This weekend, the Minnesota Vikings will host the New Orleans Saints in the divisional round of the NFL playoffs. It will be the first time the two teams have met in the postseason since their NFC Championship game in the 2009 season.

Back in that game, Brett Favre was the quarterback for the Vikings, and he famously threw an interception in the dying seconds of regulation to send the game into overtime, to which the Saints were able to drive down the field and kick a game-winning field goal to go to the Super Bowl.

This game later came under investigation as part of New Orleans' bounty scandal, also known as Bountygate. Several members of the franchise were accused of paying out bounties for intentionally hurting opposing players.

The NFL determined the allegations to be true in 2012, which led to Saints head coach Sean Payton's suspension for the entire 2012 season, as well as a handful of fines and other sanctions.

A number of Vikings players and coaches accused the Saints of deliberately trying to knock Favre out of the game at the time, but it was only until years later that the punishment for this game was issued out.

During a conference call on Wednesday ahead of the premiere of his documentary "Shocked: A Hidden Factor in the Sports Concussion Crisis," the former Vikings and Packers quarterback was asked by Minneapolis radio station KFAN about his memories of that game. He revealed that he had indeed suffered a head injury during the game.

Favre said, according to ESPN: “A concussion doesn’t necessarily have to be knocked out cold and removed from a game, although the new protocol is in place to remove you from a game even if you’re not walking sideways or your arm goes stiff or whatever.

“You may even be able to function as if you didn’t have a concussion, but if you have head ringing or fireworks or any kind of fogginess, protocol says you should be removed from the game.

"In that game, there was some head ringing, there was some fogginess.
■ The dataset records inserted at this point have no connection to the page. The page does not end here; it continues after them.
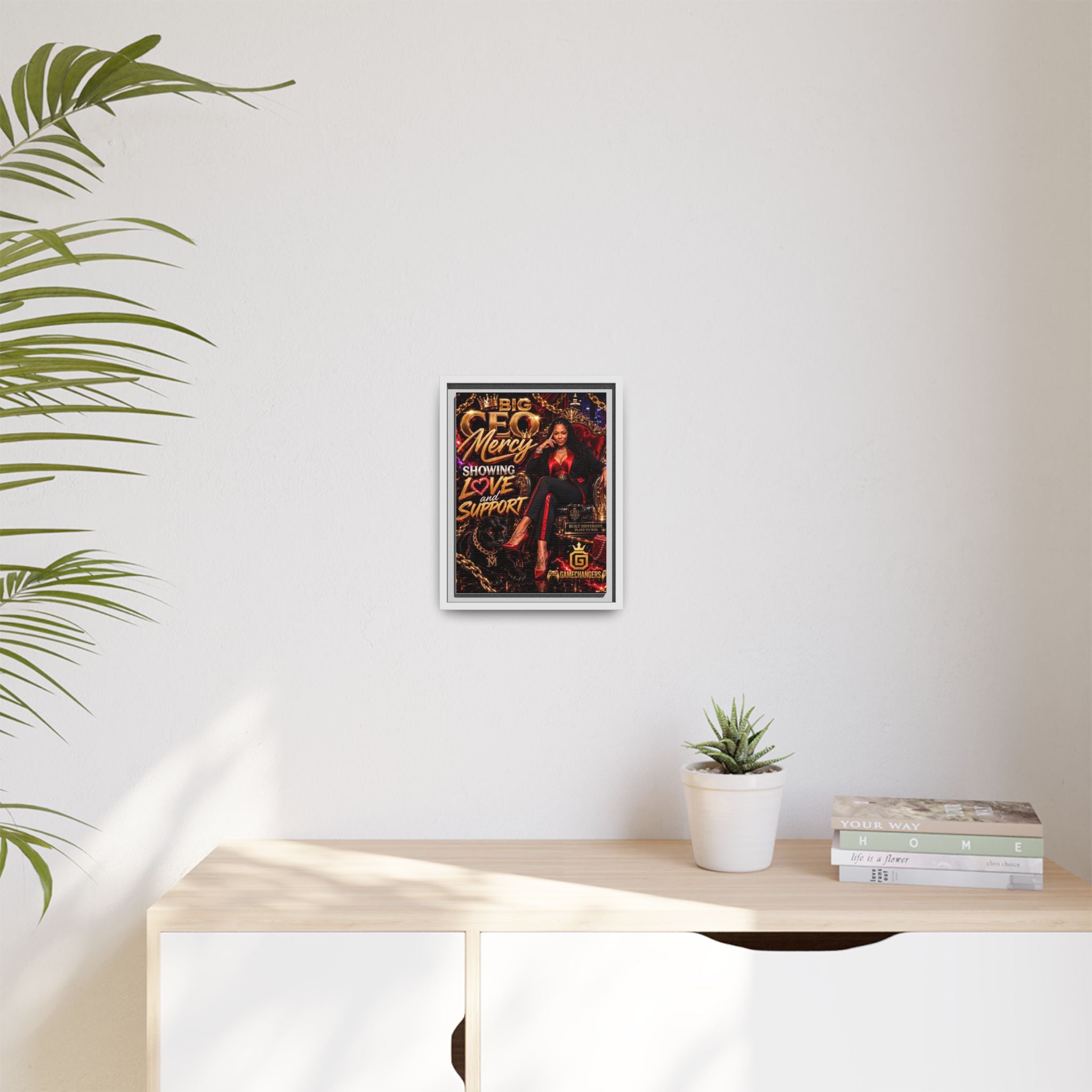 Big CEO Mercy - 'Showing Love and Support' Matte Canvas, Framed (Multi-color)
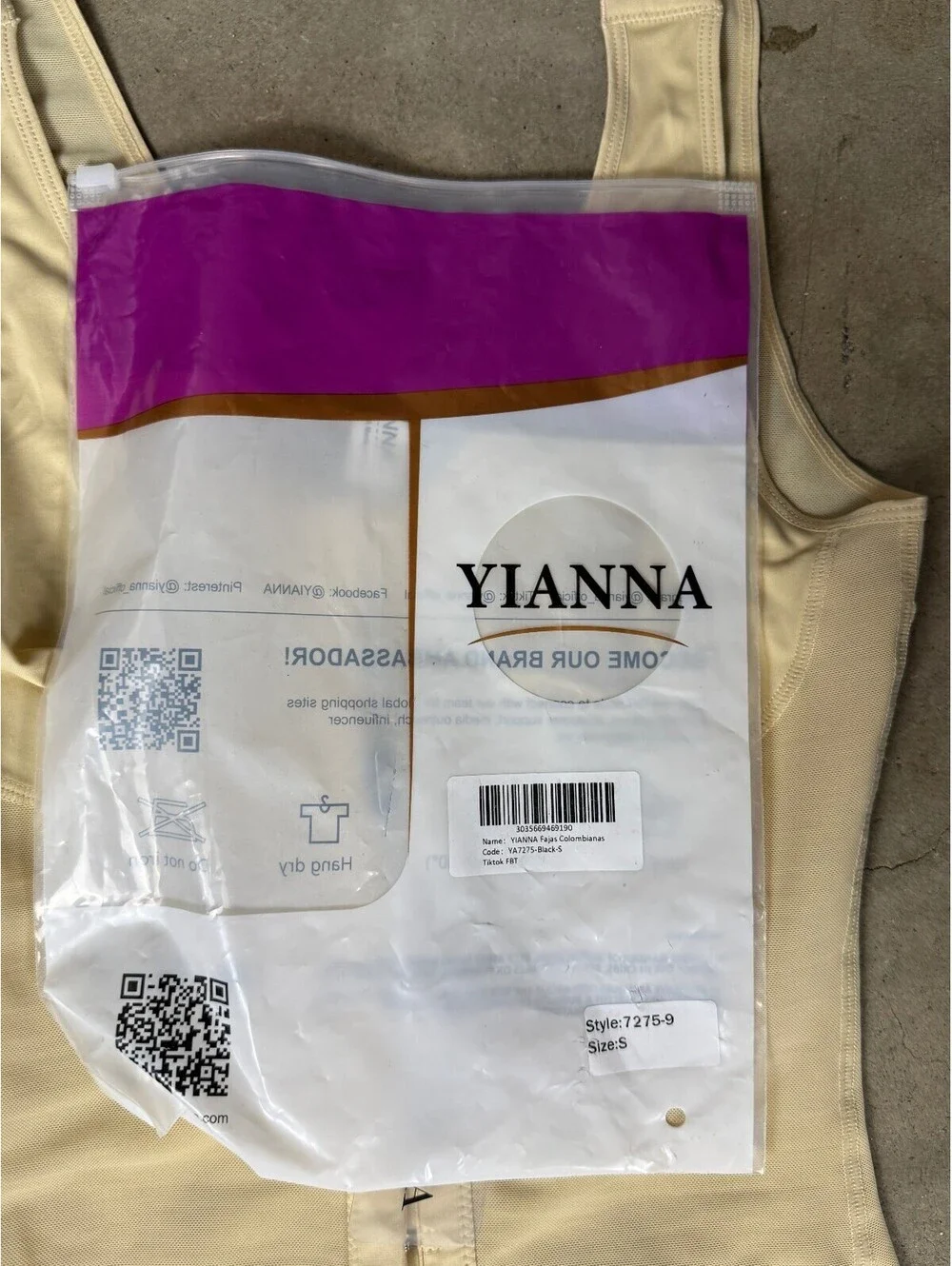 NWT YIANNA Fajas Colombianas Full Body Shapewear Size S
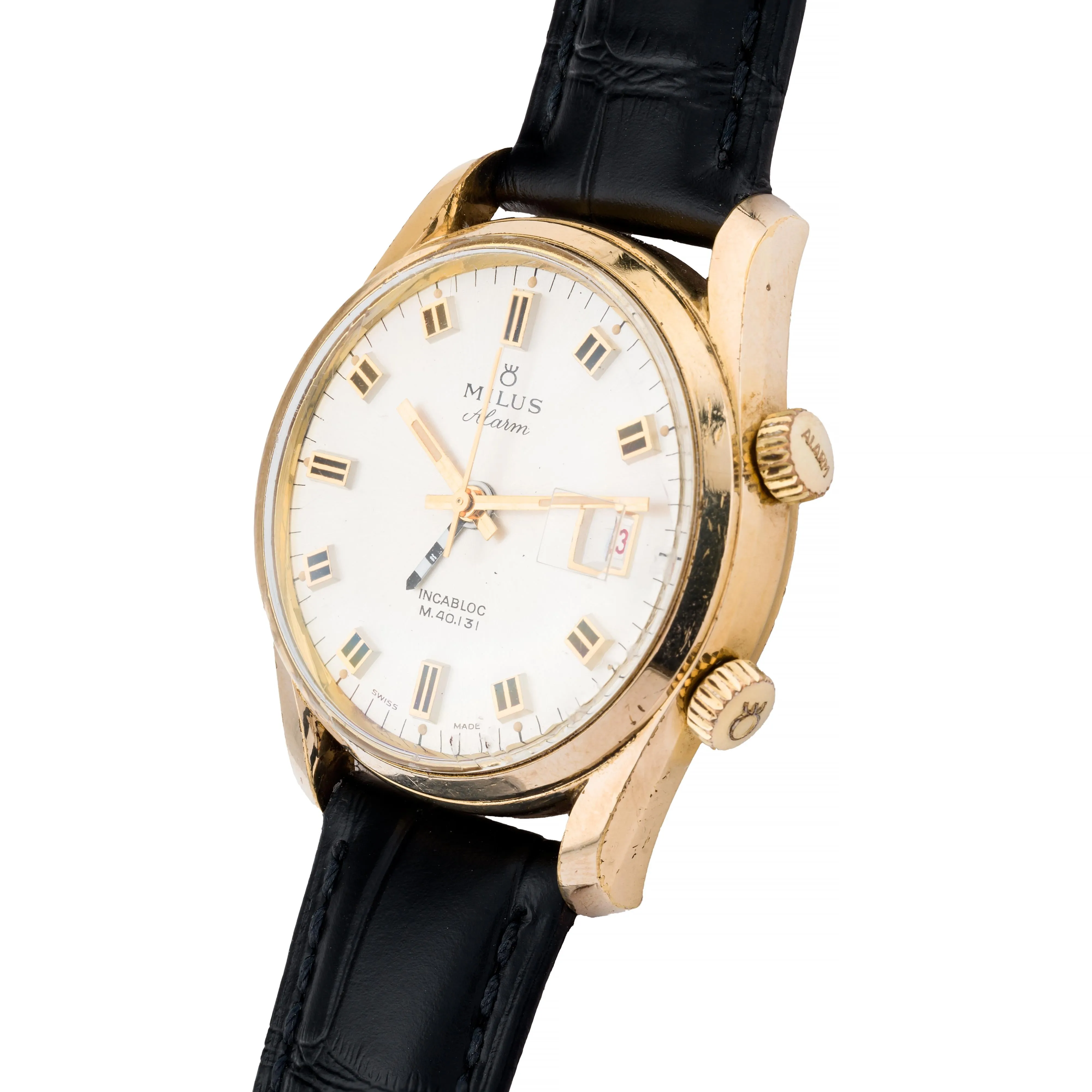 Vintage Milus Bombe Lug Alarm Wrist Watch Circa 1960's
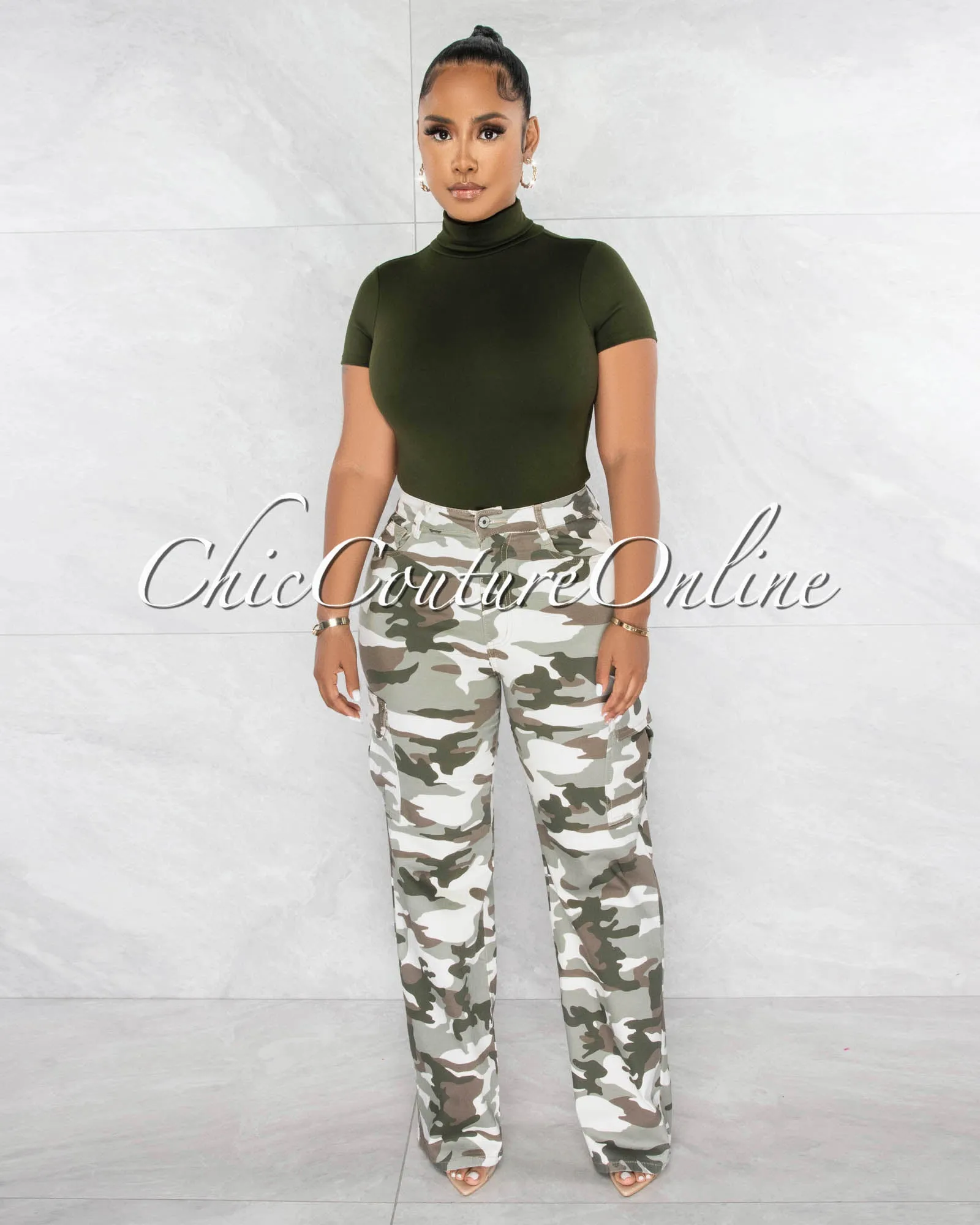 *Delyna Camo Cargo Wide Denim Pants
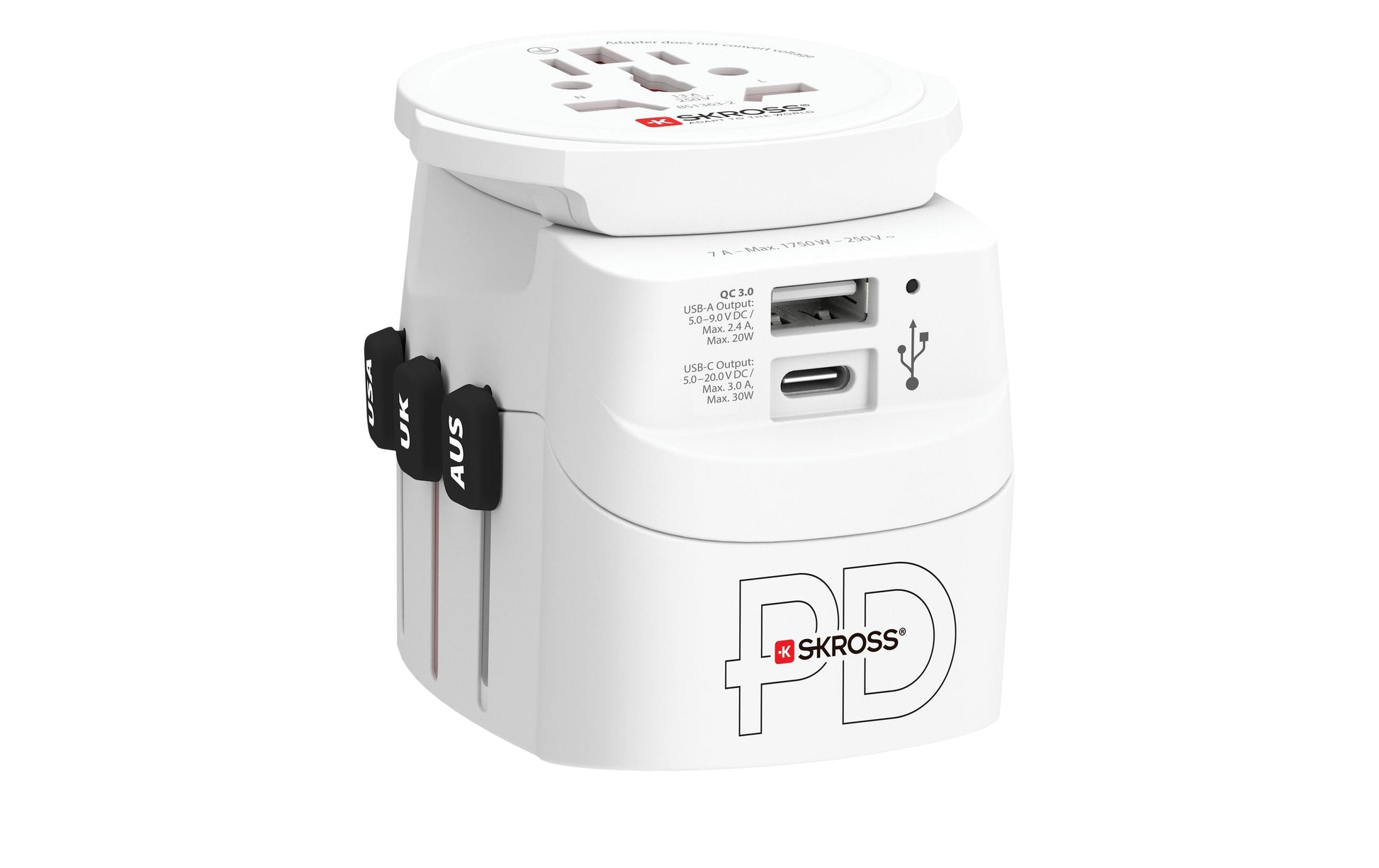 SKROSS PRO Light Ladegerät (EU) – 1750 W, 1× USB-C + 1× USB-A – für 2- und 3-polige Geräte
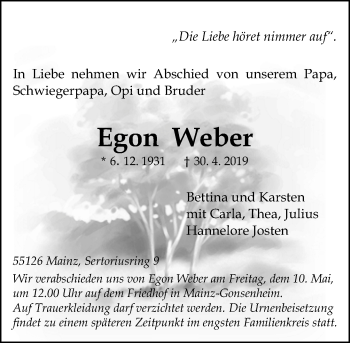 Traueranzeige von Egon Weber von vrm-trauer
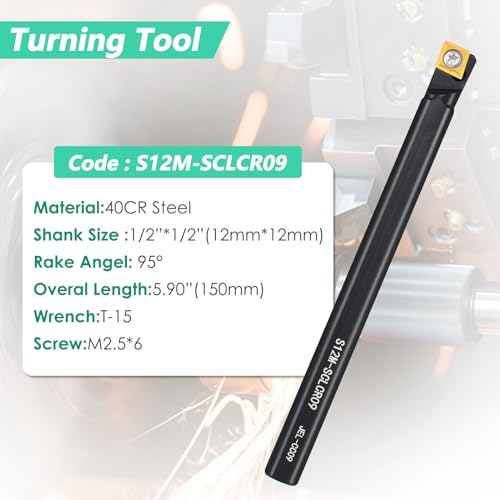 Donken Drehmeißel Set 12mm, 4er Drehmeißel aus Hartmetall, S12M-SCLCR09, SCLCR1212H09, SCLCL1212H09, SCCMN1212H09 Bohrstange Drehwerkzeughalter mit CCMT09T304 und T15 Schraubenschlüsse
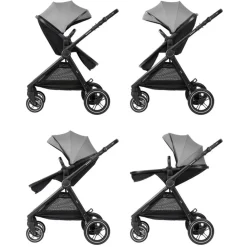 Kikka boo Kombikinderwagen Ava 3 in 1 Babywanne, Babyschale, Gummiräder, Tasche grau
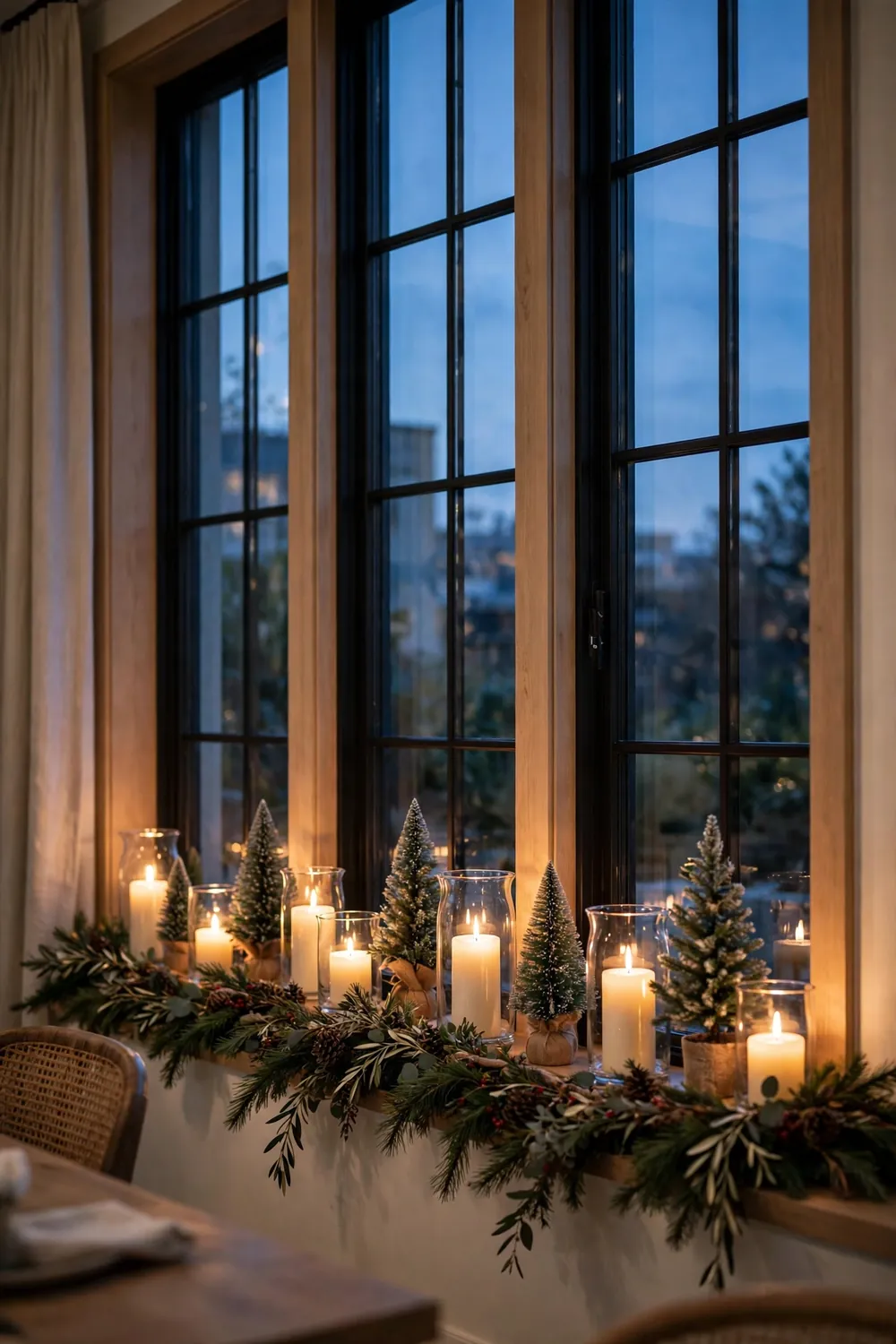 Christmas dining room decor, window candle glow Christmas dining room decor with windows lined with glowing candles in glass hurricanes at dusk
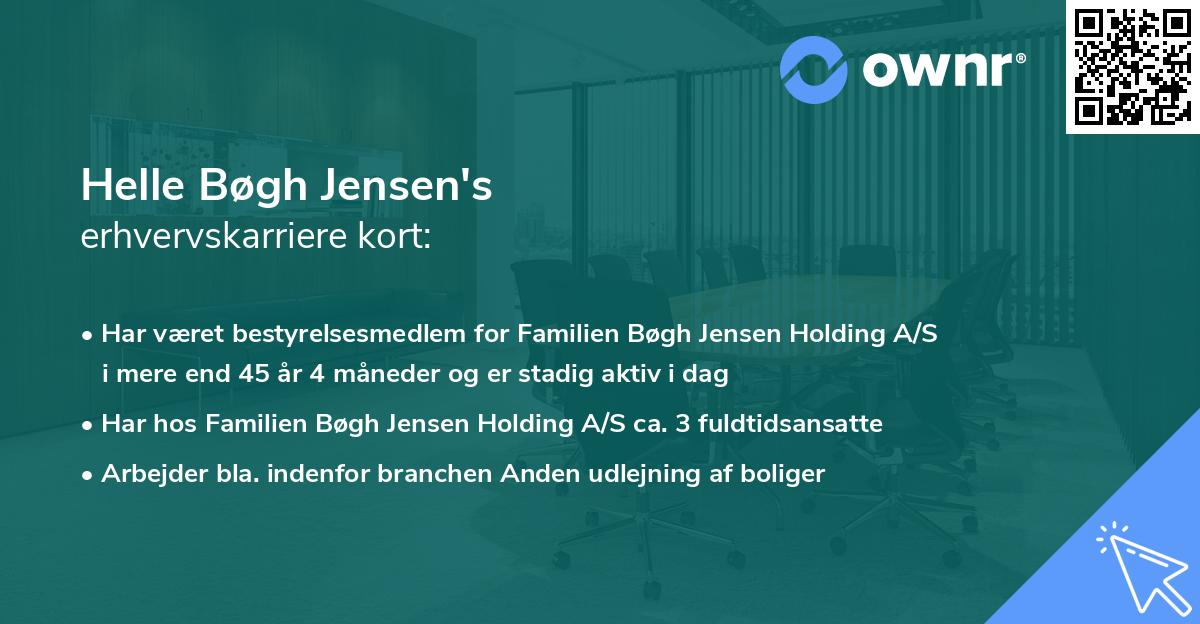 Helle Bøgh Jensen's erhvervskarriere kort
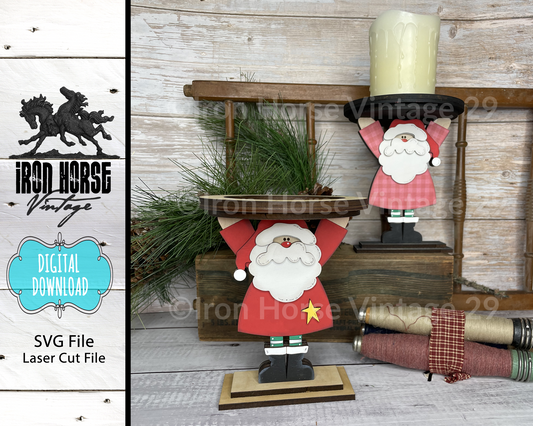 Santa Candle Holder, Santa Cookie Tray, Holiday Decorations, Home Decor, Farmhouse Style, Laser Ready SVG File, Digital Download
There were two times in which I was hit by [former Saints safety] Darren Sharper late. He lunged at my head and both of them were pretty devastating hits, but I stayed in the game. One they threw a flag, one they didn’t. Why they didn’t throw the other, I have no idea. If head ringing or fireworks is a concussion, yeah, I did have that.”

The fact that Favre was concussed helps to make sense of the horrendous decision he made to throw the ball late in that game, which was picked off and essentially helped the Saints seal the game. The fact the quarterback was concussed is a bit shocking, but not surprising considering we now know about Bountygate.